Data systems and benchmarking : revealing the disparities in care between health services. A national system for standardized stroke data collection was established as the National Stroke Audit program in 2007 by the Stroke Foundation [ 30 ] following various state-level programs (e.g. New South Wales Audit) [ 31 ] to identify evidence-practice gaps and prioritise improvement efforts to increase access to stroke units and other acute treatments [ 32 ]. The Audit program alternates each year between acute (commencing in 2007) and rehabilitation in-patient services (commencing in 2008). The Audit program provides a ‘deep dive’ on the majority of recommendations in the clinical guidelines whereby participating hospitals provide audits of up to 40 consecutive patient medical records and respond to a survey about organizational resources to manage stroke. In 2009, the AuSCR was established to provide information on patients managed in acute hospitals based on a small subset of quality processes of care linked to benchmarked reports of performance (Fig.  2 ) [ 33 ]. In this way, the continuous collection of high-priority processes of stroke care could be regularly collected and reviewed to guide improvement to care [ 34 ]. Plus clinical quality registry programs within Australia have shown a meaningful return on investment attributed to enhanced survival, improvements in quality of life and avoided costs of treatment or hospital stay [ 35 ].

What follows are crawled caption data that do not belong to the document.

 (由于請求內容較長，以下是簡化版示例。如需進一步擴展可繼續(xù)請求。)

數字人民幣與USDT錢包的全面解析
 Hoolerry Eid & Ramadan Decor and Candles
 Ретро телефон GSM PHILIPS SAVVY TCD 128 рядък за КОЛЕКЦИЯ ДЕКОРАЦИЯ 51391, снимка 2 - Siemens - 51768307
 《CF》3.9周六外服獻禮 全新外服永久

Example performance report from the Australian Stroke Clinical Registry: average door-to-needle time in providing intravenous thrombolysis by different hospitals in 2021 [ 36 ]. Each bar in the figure represents a single hospital

The Australian Stroke Coalition endorsed the creation of an integrated technological solution for collecting data through a single portal for multiple programs in 2013. In 2015, the Stroke Foundation, AuSCR consortium, and other relevant groups cooperated to design an integrated data management platform (the Australian Stroke Data Tool) to reduce duplication of effort for hospital staff in the collection of overlapping variables in the same patients [ 19 ]. Importantly, a national data dictionary then provided the common data definitions to facilitate standardized data capture. Another important feature of AuSCR is the collection of patient-reported outcome surveys between 90 and 180 days after stroke, and annual linkage with national death records to ascertain survival status [ 33 ]. To support a LHS approach, hospitals that participate in AuSCR have access to a range of real-time performance reports. In efforts to minimize the burden of data collection in the AuSCR, interoperability approaches to import data directly from hospital or state-level managed stroke databases have been established (Fig.  3 ); however, the application has been variable and 41% of hospitals still manually enter all their data.

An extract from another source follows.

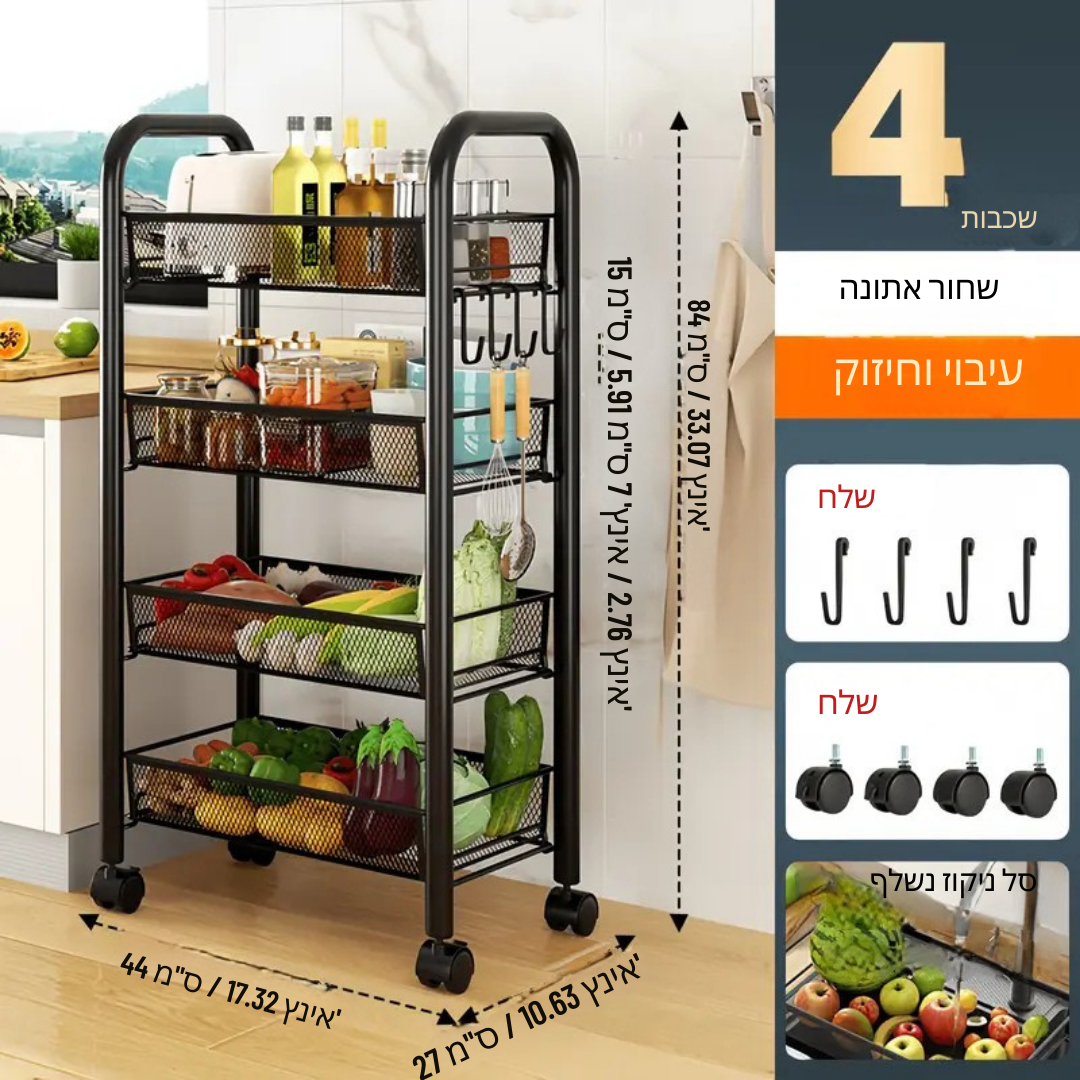 ™Netzer | עגלת רשת מתכתית רב-תכליתית – 3–4 קומות לבחירה, גלגלים ננעלים, אידיאלית למטבח, בית או משרד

Current status of automated data importing solutions in the Australian Stroke Clinical Registry, 2022, with ‘ n ’ representing the number of hospitals. AuSCR, Australian Stroke Clinical Registry; AuSDaT, Australian Stroke Data Tool; API, Application Programming Interface; ICD, International Classification of Diseases; RedCAP, Research Electronic Data Capture; eMR, electronic medical records

For acute stroke care, the Australian Commission on Quality and Safety in Health Care facilitated the co-design (clinicians, academics, consumers) and publication of the national Acute Stroke Clinical Care Standard in 2015 [ 17 ], and subsequent review [ 18 ]. The indicator set for the Acute Stroke Standard then informed the expansion of the minimum dataset for AuSCR so that hospitals could routinely track their performance. The national Audit program enabled hospitals not involved in the AuSCR to assess their performance every two years against the Acute Stroke Standard. Complementing these efforts, the Stroke Foundation, working with the sector, developed the Acute and Rehabilitation Stroke Services Frameworks to outline the principles, essential elements, models of care and staffing recommendations for stroke services ( https://informme.org.au/guidelines/national-stroke-services-frameworks ). The Frameworks are intended to guide where stroke services should be developed, and monitor their uptake with the organizational survey component of the Audit program.

Evidence from implementation and healthcare improvement (LHS quadrant 4, Fig.  1 )

Research to better utilize and augment data from registries through linkage [ 37 , 38 , 39 , 40 ] and to ensure presentation of hospital or service level data are understood by clinicians has ensured advancement in the field for the Australian Stroke LHS [ 41 ]. Importantly, greater insights into whole patient journeys, before and after a stroke, can now enable exploration of value-based care. The LHS and stroke data platform have enabled focused and time-limited projects to create a better understanding of the quality of care in acute or rehabilitation settings [ 22 , 42 , 43 ]. Within stroke, all the elements of an LHS culminate into the ready availability of benchmarked performance data and support for implementation of strategies to address gaps in care.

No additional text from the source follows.